-- Task item --
When you retype the entries, keep each one exact and leave out the pictures.

-- Material for the task --
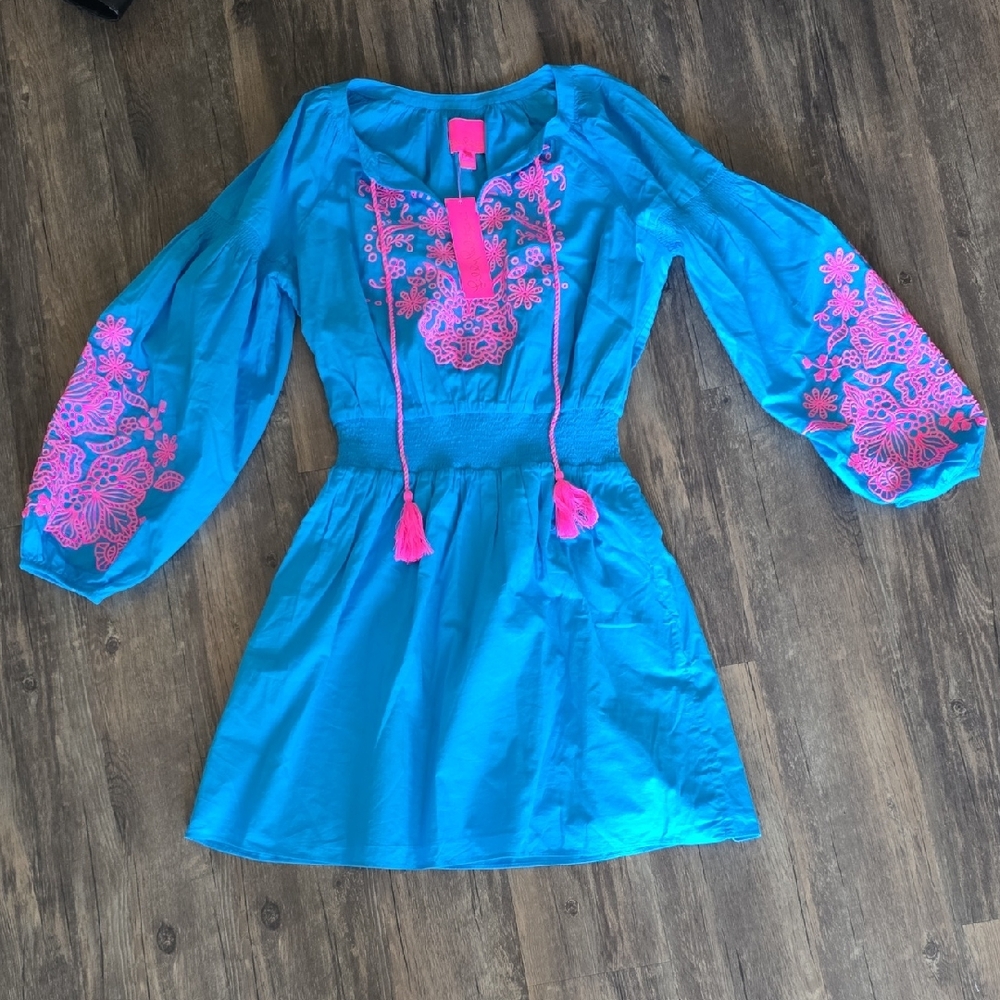 Lilly Pulitzer Blue and Pink Bishop Sleeve Sundress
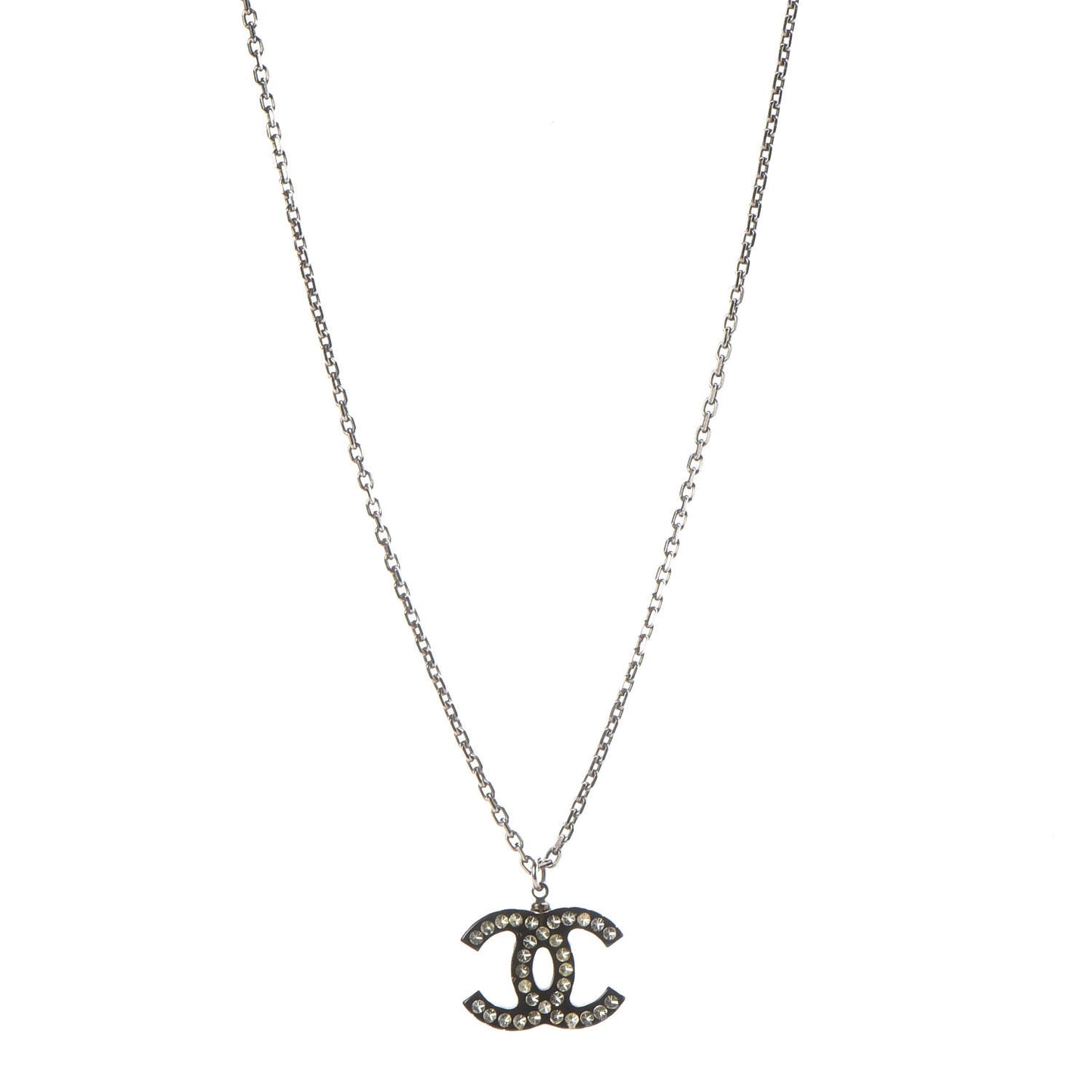 Crystal Resin CC Necklace Silver Black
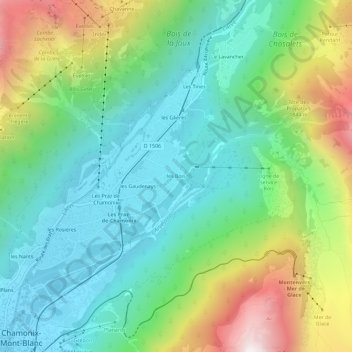 Mappa topografica Les Bois, altitudine, rilievo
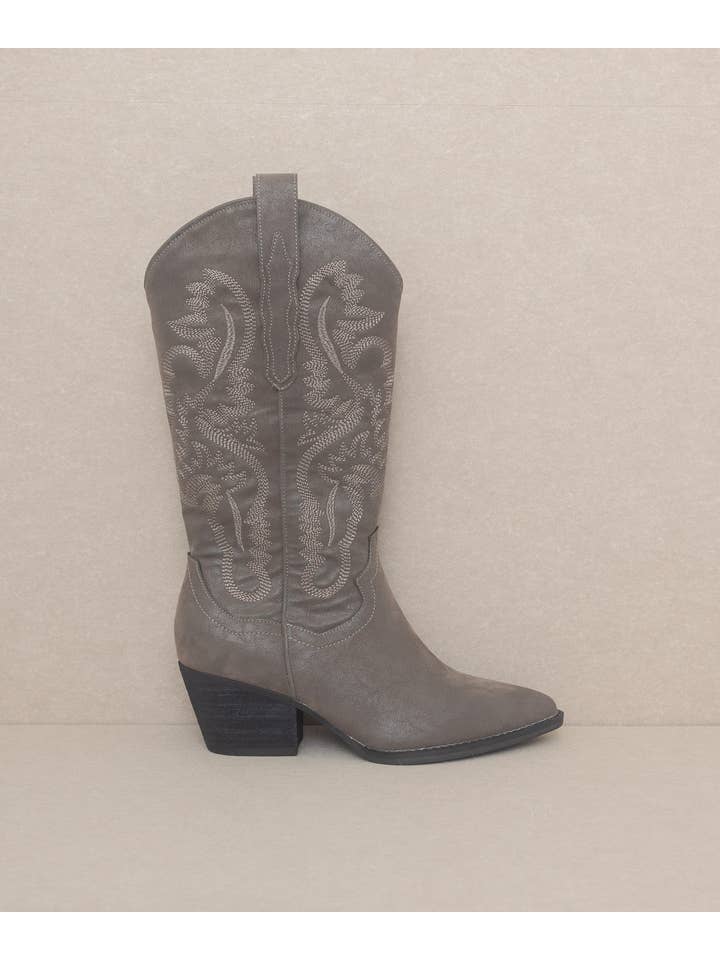 The Amaya Charcoal | Classic Western Boot for wholesale on Faire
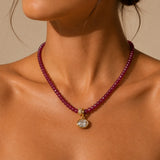Ruby Necklace with Bezel Oval Charm Pendant
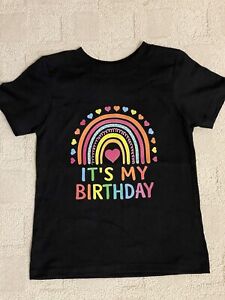 New Unisex Toddler Size-4T IT'S MY BIRTHDAY Multicolor-Rainbow Black T-Shirt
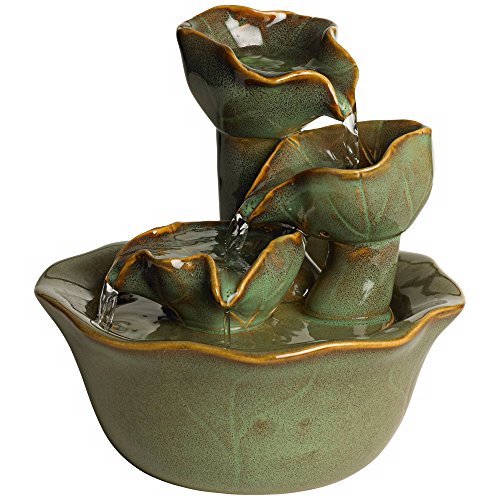 8-Inch Ceramic Tabletop Zen Water Fountain, Cascading 3-Tier Waterfall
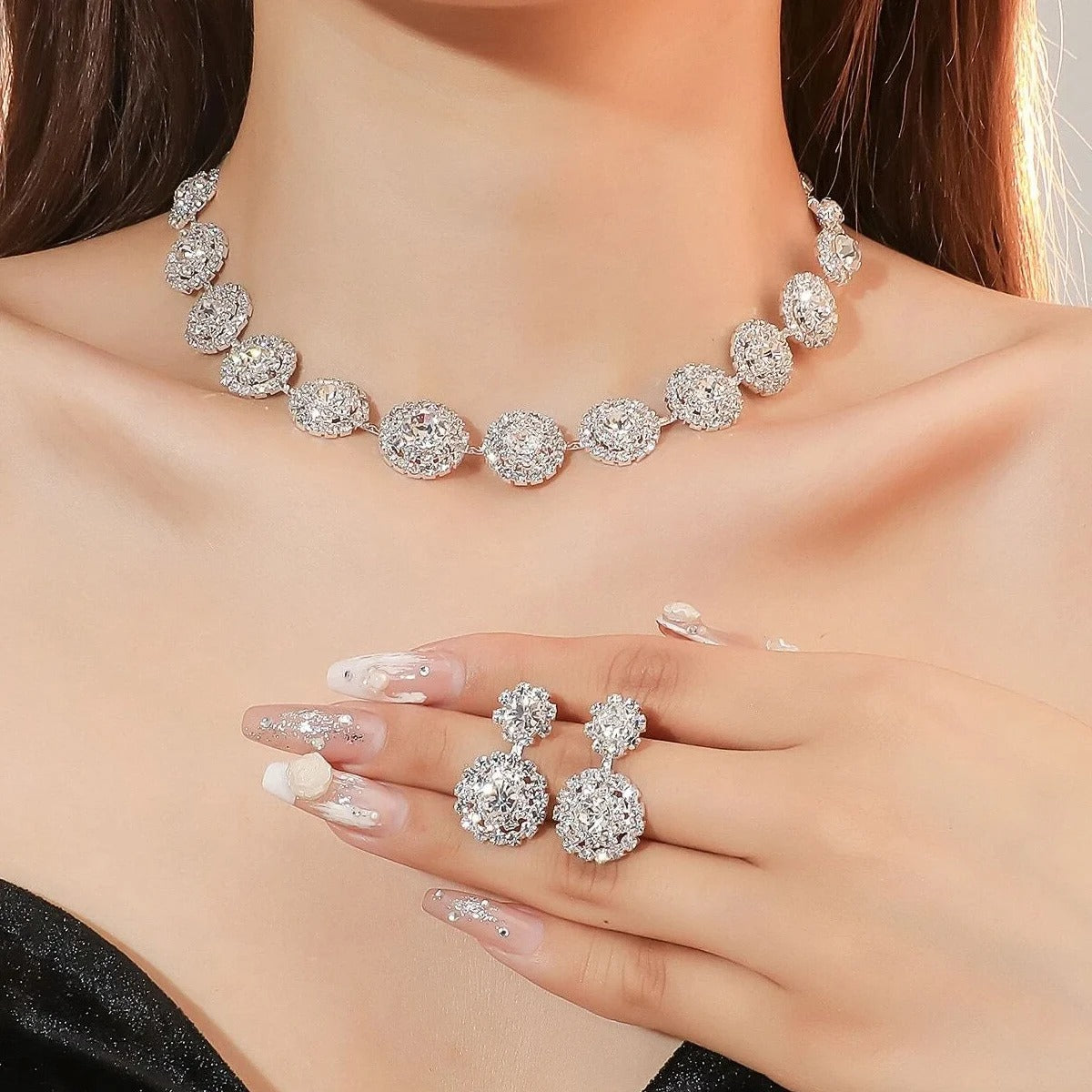 Women's Jewelry Set Rhinestone Earrings Necklace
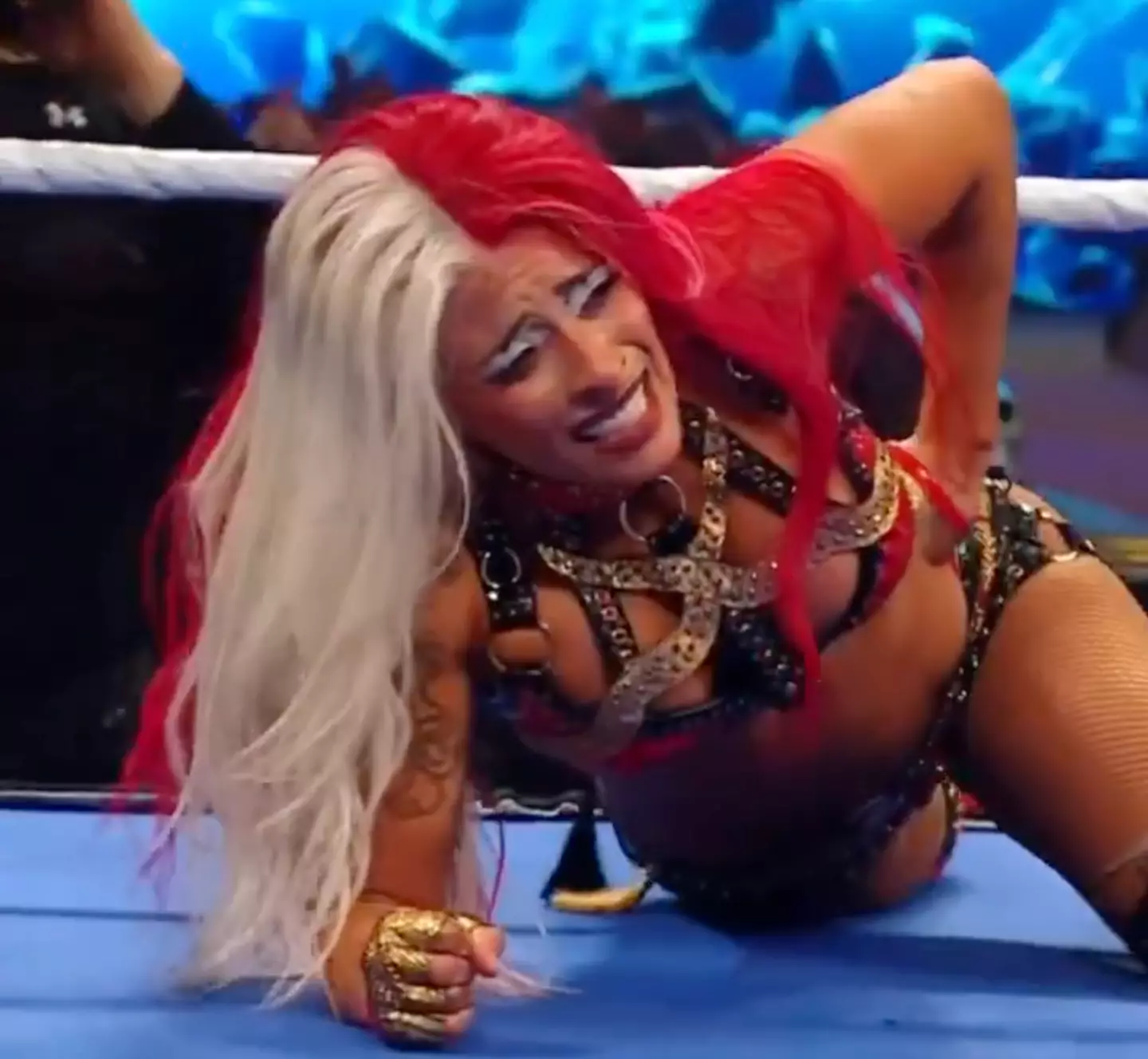 Zelina Vega suffered a wardrobe malfunction which caused a black screen on WWE's feed. Image: WWE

-- Solution below --
 Lilly Pulitzer Blue and Pink Bishop Sleeve Sundress
 Crystal Resin CC Necklace Silver Black
 Mappa topografica Les Bois, altitudine, rilievo
 The Amaya Charcoal | Classic Western Boot for wholesale on Faire
Ruby Necklace with Bezel Oval Charm Pendant
 New Unisex Toddler Size-4T IT'S MY BIRTHDAY Multicolor-Rainbow Black T-Shirt
 8-Inch Ceramic Tabletop Zen Water Fountain, Cascading 3-Tier Waterfall
 Women's Jewelry Set Rhinestone Earrings Necklace
 Zelina Vega suffered a wardrobe malfunction which caused a black screen on WWE's feed. Image: WWE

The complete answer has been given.